A viragem anunciada concretizava-se nos anos 60, com uma linguagem poética menos codificada e mais despojada, "sem pintura / mas bela e natural", onde abundam a luz, a vida, a liberdade - o sol, a lâmpada, a água, o vento - numa fusão de encontro à felicidade, ao amor e à perfeição: "Se nos teus olhos os olhos se me perdessem / nova água, sol e vento se fariam / através de um só corpo de alegria."; "Todas as palavras se iluminam / ao lume certo do corpo que se despe, / todas as palavras ficam nuas / na tua sombra ardente.". Definitivamente, as palavras encontravam o seu caminho de penetrar o mundo para o habitar, e a escrita aparece como um desejo de "tornar habitável o deserto" da alma, da existência - "Escrevo para não viver sem espaço, / para que o corpo não morra na sombra fria"; " Caminho um caminho de palavras / (porque me deram o sol / e por esse caminho me ligo ao sol / e pelo sol me ligo a mim". Ensina-nos como pela palavra a reconciliação com o mundo é possível: "Eu tudo sei e assim descubro / a luz, a água, o pão, o corpo: / habito a terra, habito mais, / contra mim mesmo descanso e nasço".
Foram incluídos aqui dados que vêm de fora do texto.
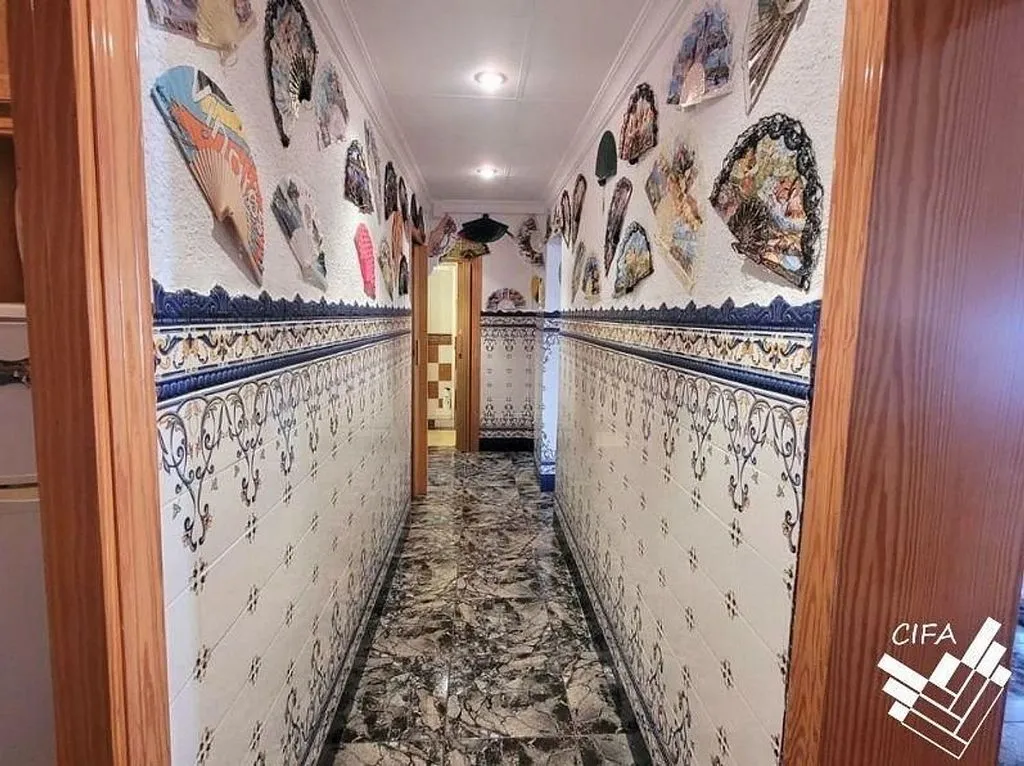 hallway_entrance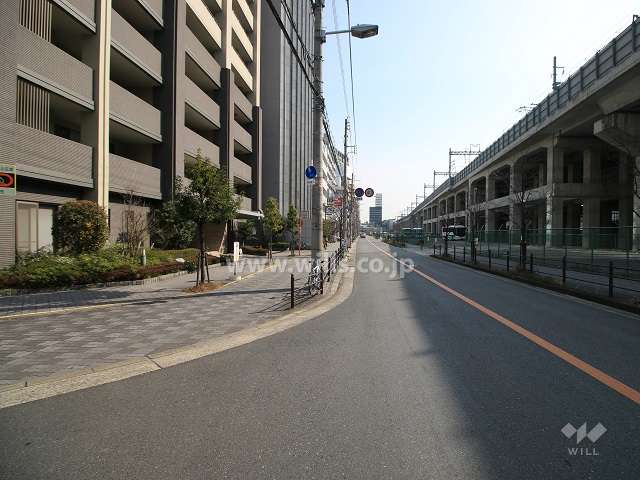 敷地南側の前面道路（西側から）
Considerado o "eterno aprendiz", ou o "aprendiz secreto" que aprende no silêncio das coisas, aquele por quem "O vento passa como uma pá", e que vive "devorado de espaço, aberto à luz, como um tronco a que uma cabeça assoma voltada ao horizonte", Ramos Rosa procurou sempre depurar as palavras e encontrar novas possibilidades no poema. Nos anos 80, a poesia ramos-rosiana atinge um novo fulgor nas metáforas e na musicalidade e o seu "corpus" reflexivo ganha novo alento.
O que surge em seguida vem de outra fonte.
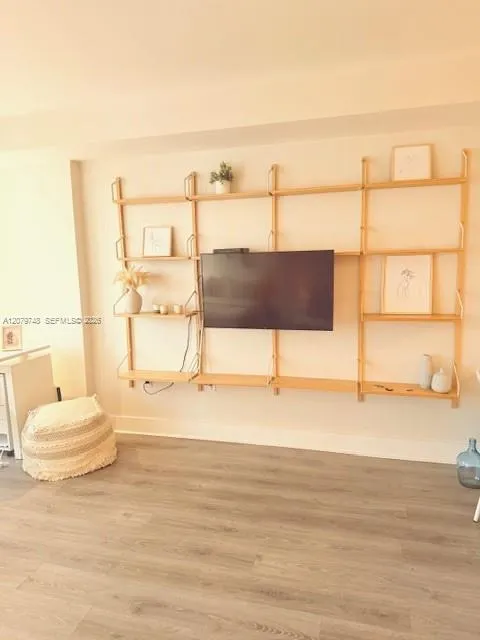 10275 Collins Ave #303 Bal Harbour, FL 33154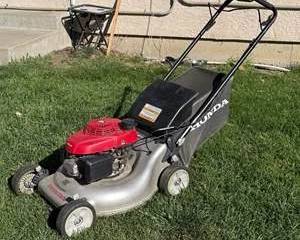 Honda Red Engine Lawn Mower with Easy Start Auto Choke GCV160 and Safety Compliance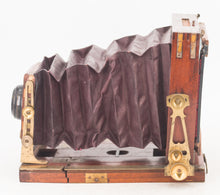 Charger l&#39;image dans la galerie, Lancaster Instantograph avec Aldis-Butcher Anastigmat 4.25inch(108mm) F/4.5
Em O Volante Verde (1986), um "volante" poético, um voo de pujança, dá-nos uma lição de felicidade e esperança: "Oiço os murmúrios do sol. Saboreio o que sou. / Sou renovado pelo espaço, nasço num espaço verde. / O que eu amo está perto entre a terra e o ar."; " Algo nos cria e nos liberta dos absurdos cercos. / Despertámos para tocar a boca esquecida pela noite. / Somos a folhagem e o espaço, somos uma garganta fresca. /As sombras aquecem-nos e as estrelas visitam-nos. / O meu corpo é de argila estou vivo e aceito o dia."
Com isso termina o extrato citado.